Abstract

Although most ocean island basalts (OIB) are enriched in incompatible elements relative to mid-ocean ridge basalts, OIB depleted in these elements also occur on some islands. The Ninetyeast Ridge (NER) in the eastern Indian Ocean is a 5000 km long hotspot track defined by submarine basaltic volcanoes that were islands when they formed from 43 to 77 Ma. A subset of NER basalts, described as depleted, has high abundances of Sc, Y and Lu, which are relatively compatible in clinopyroxene and especially in garnet. It is unusual for magmas to have the trace element characteristics of a mineral. A likely explanation is that the depleted NER basalts were derived from a source that was created as a garnet- and clinopyroxene-bearing residue during partial melting. When this residue formed, the extent of melting must have been low as not all of the garnet and clinopyroxene was melted. To provide sufficient time for the relatively high Lu/Hf of the residue to develop the high 176Hf/177Hf that is characteristic of depleted NER basalts, this melting event must have been ancient.
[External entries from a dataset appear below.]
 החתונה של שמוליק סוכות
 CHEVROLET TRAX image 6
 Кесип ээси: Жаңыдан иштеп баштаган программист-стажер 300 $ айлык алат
In the second much younger melting event that formed the NER, the extent of melting was sufficiently high to eliminate garnet and clinopyroxene from the ancient residue. Basalts erupted on a segment of the Mid-Atlantic Ridge near the Azores were also derived from an ancient garnet-bearing residue. Residues from ancient partial melting events involving low extents of melting are the dominant source of mid-ocean ridge basalts and depleted magmas associated with the Kerguelen and Azores hotspots. In contrast, a very different process has been inferred for creating the source of depleted Icelandic basalts. Their source was gabbro containing cumulate plagioclase and clinopyroxene. Such gabbros are common in the lower oceanic crust, and if recycled into the Icelandic hotspot they are a source of depleted Icelandic basalts.